Neue Sachlichkeit (Yeni Nesnelcilik)


Metropolis (1927, Otto Dix)

"Neue Sachlichkeit" (Yeni Nesnelcilik) terimi, 1920'lerin başında giderek daha fazla Alman sanatçının içinde yaşadıkları topluma dikkatle bakma ve gördükleri gerçekliği nesnel, tarafsız bir şekilde betimleme arzusunu temsil ediyordu. Bu, bütüncül bir akım olmaktan çok bir eğilim yahut tavırdı. Çoğu ekspresyonizm ve dada ile ilgilenmiş olan sanatçılar, bireysel analiz ve betimleme güçlerine dayanarak kolektif yaratıcılık hedeflerinden ve fikirlerinden uzaklaştılar. Terim ilk kez sanat tarihçisi ve Mannheim’daki Stadtlische Kunsthalle Museum’un yöneticisi Gustav F. Hartlaub (1884-1963) tarafından, modernist eğilimlerden uzaklaşan ve daha çok Kuzey Rönesansı ile ilişkilendirilen geleneksel resim değerlerine yönelen sanatçıları betimlemek için kullanıldı. Bu sanatçılar natüralist renkleri, nesnelerin etrafında net konturlar kullanmayı, yoğun karakterizasyonu ve dışavurumcu olmayan fırça darbelerini benimsemiş, nesnel bakışlarının merkezine insan figürünü koymuşlardı.

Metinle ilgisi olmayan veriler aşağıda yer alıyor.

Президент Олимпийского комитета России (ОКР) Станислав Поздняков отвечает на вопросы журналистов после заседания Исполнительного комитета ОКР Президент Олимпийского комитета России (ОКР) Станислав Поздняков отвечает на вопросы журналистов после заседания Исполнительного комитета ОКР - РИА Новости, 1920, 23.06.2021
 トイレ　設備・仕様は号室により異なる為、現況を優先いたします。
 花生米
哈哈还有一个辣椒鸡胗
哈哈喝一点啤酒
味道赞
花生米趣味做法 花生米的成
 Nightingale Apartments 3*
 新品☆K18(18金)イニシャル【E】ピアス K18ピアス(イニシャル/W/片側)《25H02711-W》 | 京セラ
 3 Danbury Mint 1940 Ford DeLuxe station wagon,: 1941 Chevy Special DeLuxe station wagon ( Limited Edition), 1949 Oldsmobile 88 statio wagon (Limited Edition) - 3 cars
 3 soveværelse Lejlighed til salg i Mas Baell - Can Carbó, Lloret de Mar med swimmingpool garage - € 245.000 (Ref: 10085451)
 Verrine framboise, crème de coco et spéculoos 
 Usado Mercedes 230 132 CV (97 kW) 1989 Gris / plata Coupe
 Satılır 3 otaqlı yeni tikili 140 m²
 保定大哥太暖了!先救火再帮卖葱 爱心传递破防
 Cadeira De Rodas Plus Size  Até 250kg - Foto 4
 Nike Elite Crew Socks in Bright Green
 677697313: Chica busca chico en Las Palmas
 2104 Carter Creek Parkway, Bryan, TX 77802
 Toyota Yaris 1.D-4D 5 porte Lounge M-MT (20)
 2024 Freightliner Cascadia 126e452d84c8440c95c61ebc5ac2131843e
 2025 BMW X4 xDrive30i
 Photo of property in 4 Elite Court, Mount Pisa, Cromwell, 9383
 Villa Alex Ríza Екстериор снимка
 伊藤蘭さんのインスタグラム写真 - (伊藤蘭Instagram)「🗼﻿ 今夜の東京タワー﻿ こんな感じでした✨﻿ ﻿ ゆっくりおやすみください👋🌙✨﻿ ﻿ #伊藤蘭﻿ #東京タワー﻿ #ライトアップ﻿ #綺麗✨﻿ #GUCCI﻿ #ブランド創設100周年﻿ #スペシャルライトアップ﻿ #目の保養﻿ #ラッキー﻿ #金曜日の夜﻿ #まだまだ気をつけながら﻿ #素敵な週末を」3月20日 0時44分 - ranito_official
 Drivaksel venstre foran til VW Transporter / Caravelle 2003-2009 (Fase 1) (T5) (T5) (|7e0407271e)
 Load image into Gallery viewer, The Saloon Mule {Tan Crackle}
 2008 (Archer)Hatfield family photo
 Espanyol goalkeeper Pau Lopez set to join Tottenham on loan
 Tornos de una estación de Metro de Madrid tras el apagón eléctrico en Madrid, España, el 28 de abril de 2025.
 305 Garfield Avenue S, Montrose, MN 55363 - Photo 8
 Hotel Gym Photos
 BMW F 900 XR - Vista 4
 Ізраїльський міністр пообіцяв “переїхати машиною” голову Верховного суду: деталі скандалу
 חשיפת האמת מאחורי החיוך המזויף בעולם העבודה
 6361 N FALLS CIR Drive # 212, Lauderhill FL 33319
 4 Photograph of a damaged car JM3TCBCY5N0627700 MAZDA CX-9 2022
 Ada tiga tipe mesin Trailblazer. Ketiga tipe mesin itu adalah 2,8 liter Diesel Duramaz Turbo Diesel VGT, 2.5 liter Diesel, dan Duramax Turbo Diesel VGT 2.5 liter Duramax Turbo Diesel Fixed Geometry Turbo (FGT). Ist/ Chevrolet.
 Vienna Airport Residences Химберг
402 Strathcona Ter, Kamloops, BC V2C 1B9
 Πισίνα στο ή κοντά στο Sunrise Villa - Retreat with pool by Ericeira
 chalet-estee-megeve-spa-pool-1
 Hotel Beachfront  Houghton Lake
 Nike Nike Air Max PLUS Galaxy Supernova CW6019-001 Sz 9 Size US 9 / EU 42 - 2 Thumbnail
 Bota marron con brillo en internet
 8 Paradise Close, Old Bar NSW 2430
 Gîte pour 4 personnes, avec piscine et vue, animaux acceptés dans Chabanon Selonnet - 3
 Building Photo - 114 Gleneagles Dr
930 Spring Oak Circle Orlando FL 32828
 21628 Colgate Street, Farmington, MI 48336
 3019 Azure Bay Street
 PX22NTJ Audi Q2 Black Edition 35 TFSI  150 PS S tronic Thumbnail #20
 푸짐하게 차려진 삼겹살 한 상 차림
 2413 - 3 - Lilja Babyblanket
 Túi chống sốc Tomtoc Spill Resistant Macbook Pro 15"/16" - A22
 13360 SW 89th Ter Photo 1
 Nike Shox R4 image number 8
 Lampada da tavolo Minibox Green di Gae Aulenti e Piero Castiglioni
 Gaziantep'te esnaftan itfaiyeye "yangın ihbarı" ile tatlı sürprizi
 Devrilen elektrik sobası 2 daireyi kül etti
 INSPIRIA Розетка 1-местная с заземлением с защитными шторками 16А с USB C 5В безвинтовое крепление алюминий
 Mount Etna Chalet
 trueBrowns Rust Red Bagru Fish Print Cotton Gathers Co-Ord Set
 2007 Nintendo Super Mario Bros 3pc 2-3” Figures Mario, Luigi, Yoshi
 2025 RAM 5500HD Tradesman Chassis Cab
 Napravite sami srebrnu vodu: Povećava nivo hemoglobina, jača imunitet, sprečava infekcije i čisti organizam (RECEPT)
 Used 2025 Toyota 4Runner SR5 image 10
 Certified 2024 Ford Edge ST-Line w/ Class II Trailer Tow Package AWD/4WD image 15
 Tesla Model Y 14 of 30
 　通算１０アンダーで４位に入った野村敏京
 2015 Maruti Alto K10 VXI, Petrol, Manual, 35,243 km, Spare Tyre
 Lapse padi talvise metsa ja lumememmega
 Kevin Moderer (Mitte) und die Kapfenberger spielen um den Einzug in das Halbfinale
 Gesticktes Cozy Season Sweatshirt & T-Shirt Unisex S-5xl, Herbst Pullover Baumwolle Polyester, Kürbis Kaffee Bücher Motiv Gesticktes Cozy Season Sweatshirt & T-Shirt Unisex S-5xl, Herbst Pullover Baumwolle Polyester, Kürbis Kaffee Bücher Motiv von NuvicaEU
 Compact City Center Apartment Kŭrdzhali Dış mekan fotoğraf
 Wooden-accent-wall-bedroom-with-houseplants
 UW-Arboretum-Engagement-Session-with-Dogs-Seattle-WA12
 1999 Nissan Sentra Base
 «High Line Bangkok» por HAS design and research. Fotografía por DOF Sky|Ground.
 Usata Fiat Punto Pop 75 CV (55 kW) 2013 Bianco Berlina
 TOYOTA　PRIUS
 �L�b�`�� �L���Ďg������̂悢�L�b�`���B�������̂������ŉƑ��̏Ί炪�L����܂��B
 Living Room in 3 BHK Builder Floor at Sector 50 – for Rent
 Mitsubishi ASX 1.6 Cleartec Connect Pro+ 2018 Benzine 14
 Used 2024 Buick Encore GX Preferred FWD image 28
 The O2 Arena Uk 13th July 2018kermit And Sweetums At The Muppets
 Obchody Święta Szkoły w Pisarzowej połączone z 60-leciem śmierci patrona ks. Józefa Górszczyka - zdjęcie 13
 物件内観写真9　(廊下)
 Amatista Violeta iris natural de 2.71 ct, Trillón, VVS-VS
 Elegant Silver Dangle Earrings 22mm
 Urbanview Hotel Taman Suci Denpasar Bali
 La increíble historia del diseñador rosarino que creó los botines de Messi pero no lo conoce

Metropolis (1916, George Grosz)

Neue Sachlichkeit, insani koşulların içsel değişimlerle iyileştirilebileceğini savunan ekspresyonizmin ruhani ütopyasına ve dadaizmin politik ikonoklazmına gösterilen bir tepkiydi. Her iki akım da ayaklanmalardan artık sıkılmış ve tüm dikkatini 1920’li yıllarda yaşanacak iyileşme sürecine vermek isteyen Almanya’da popülerliğini kaybetmişti. Dadaizm de modaya uymuştu ve artık o kadar da radikal değildi.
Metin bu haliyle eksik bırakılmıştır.